Most companies are slow in fixing data quality issues because the problem is not being recognized at the level that it should be. Navneet shares a good example to demonstrate a company’s inability to detect data quality issues.
A company may have the names of one vendor duplicated and entered twice into the database.
- How that information was entered?
- Who was responsible?
- Which of the two pieces of information is correct?
These are questions that no one would know the answer to. Once this information is used by a business team, say the billing team to send an invoice, they would have to send two invoices to the same vendor! At this point, the company would assume there’s something wrong with the invoice or the invoicing system, but few would trace it back to the original entry. This is a real example of the type of dirty data companies deal with on a daily basis, yet are unable to identify what they truly need to fix to solve the problem.
Similar to the plumbing problem in the house – you have no idea who caused the plumbing problem unless you hire a technical expert to assess the whole infrastructure and identify the root cause of the problem.

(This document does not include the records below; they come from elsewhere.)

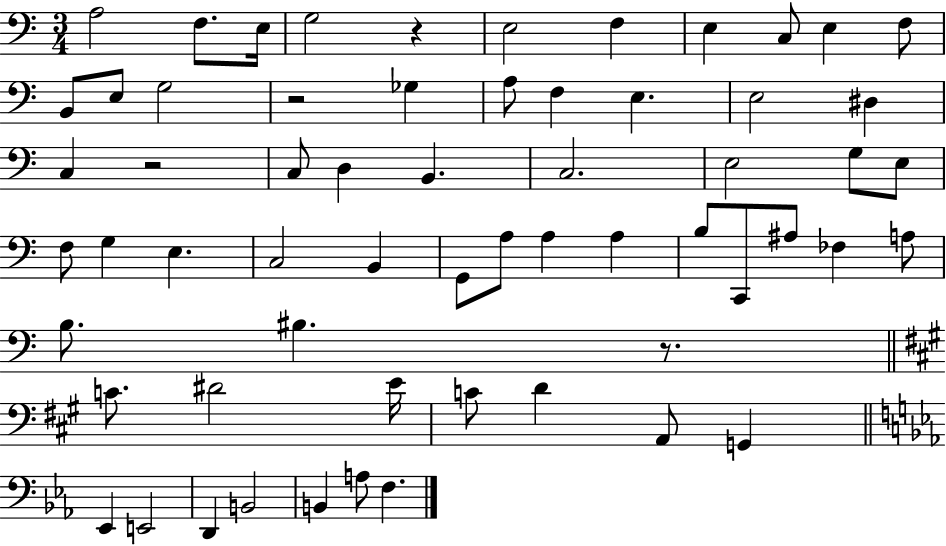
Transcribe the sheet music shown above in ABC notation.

X:1
T:Untitled
M:3/4
L:1/4
K:C
A,2 F,/2 E,/4 G,2 z E,2 F, E, C,/2 E, F,/2 B,,/2 E,/2 G,2 z2 _G, A,/2 F, E, E,2 ^D, C, z2 C,/2 D, B,, C,2 E,2 G,/2 E,/2 F,/2 G, E, C,2 B,, G,,/2 A,/2 A, A, B,/2 C,,/2 ^A,/2 _F, A,/2 B,/2 ^B, z/2 C/2 ^D2 E/4 C/2 D A,,/2 G,, _E,, E,,2 D,, B,,2 B,, A,/2 F,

For most companies, this opens a pandora’s box of problems and fixes that would result in very high expenses. Companies choose to live with bad data because it’s easier than fixing it from the source.
What Are the Most Common Instances of Dirty Data?
The most incorrect forms of bad data would be personal information such as names, addresses, age, and even data like gender. Irrespective of the industry, the first problem data specialists are always required to solve is – clean customer data. Companies want a sanitized, best-in-class list of their customer data. Some of the most common challenges they face with this data are:
👉First names are blank, incorrect, or incomplete
👉Typos, culturally incorrect spellings and poor data entry (such as punctuation in a name)
👉Address data that is incomplete, non-standardized, and not validated
Along with this, reference data also has severe challenges with data quality.
Reference is data that helps categorize other data.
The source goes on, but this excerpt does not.